Most people look towards another person in their life, whether as a friend, a family member or a paid personal coach, to give them direction in life through their leadership, wisdom, and values. In this relationship, an individual acts as the Parent who guides another individual that acts as a Child.
If these psychological roles seem familiar, it's because they are part of a model of psychotherapy called Transaction Analysis (TA), which was developed by Canadian psychiatrist Eric Berne in the 1960s. During that era of self-discovery, TA grew into a useful tool for improving interpersonal communication through an analysis of verbal and non-verbal exchanges (transactions) between people.
Today, companies and professional organizations use TA as one of the methods in coaching. The kind of relationship that usually forms during the coaching period is between a mentor and a learner. In Transaction Analysis, they take on the roles of parent and child respectively. Sometimes, there is one mentor (parent) responsible for two or more learners (children), but because the strongest coaching relationship is with only two people involved, it's more common to see a mentor and a learner forming a bond.
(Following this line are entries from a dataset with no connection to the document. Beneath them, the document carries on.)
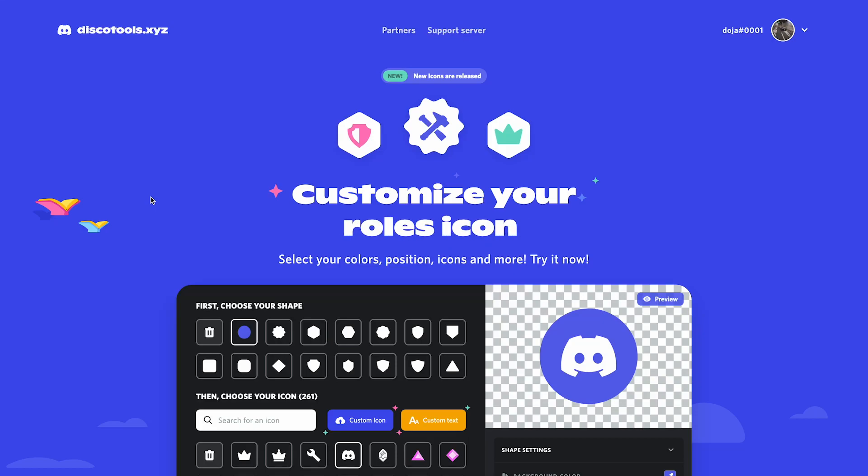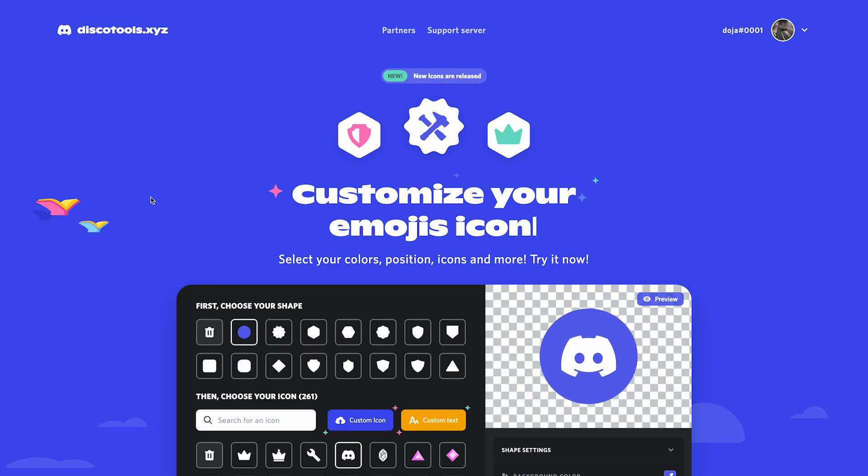Today I'm going to be teaching you how to create custom role icons for your Discord server without using Photoshop, Illustrator, or any other creator software.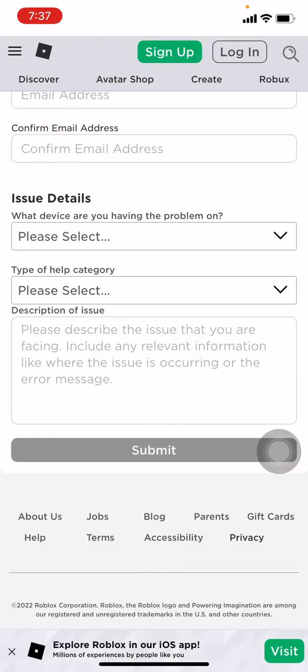Tap on OK. You have submitted the request to Roblox support. In this way, you can easily recover your Roblox account without using your phone number and email ID. I hope this video will help you. At last, make sure to like, share, and subscribe to this channel. Thank you.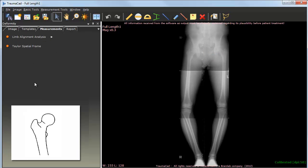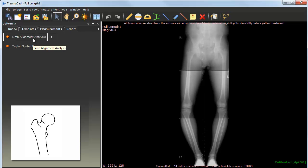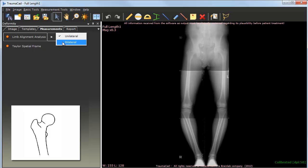On the measurements tab, a variety of measurement tools are available according to the currently selected procedure. In this case, I'd like to analyze the patient's limb alignment, look for skeletal deformities, and plan for their correction.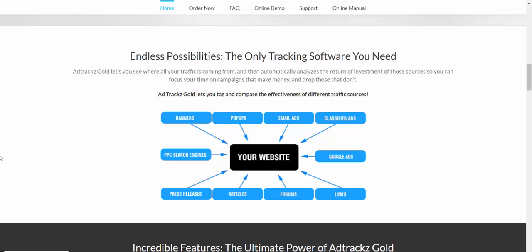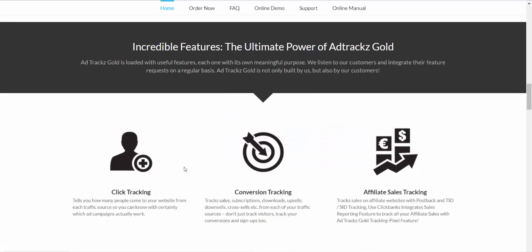For example, if all your traffic comes from Google Ads, that's a sign that Google Ads is a good traffic source for your product or links. That means you should focus more on Google Ads and drop all those other options that aren't performing.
Putting together mentors and learners either as a team or in pairs seems the best method to use in any situation with any person. However, not everyone responds positively to one-on-one coaching, especially when the mentor and the learner have clashing personalities.
This set up also does not apply to people who perform better when they work or study on their own. For the solo learners and the lone wolves out there, the best approach for them to change or improve their personalities, knowledge and skills is through self-coaching.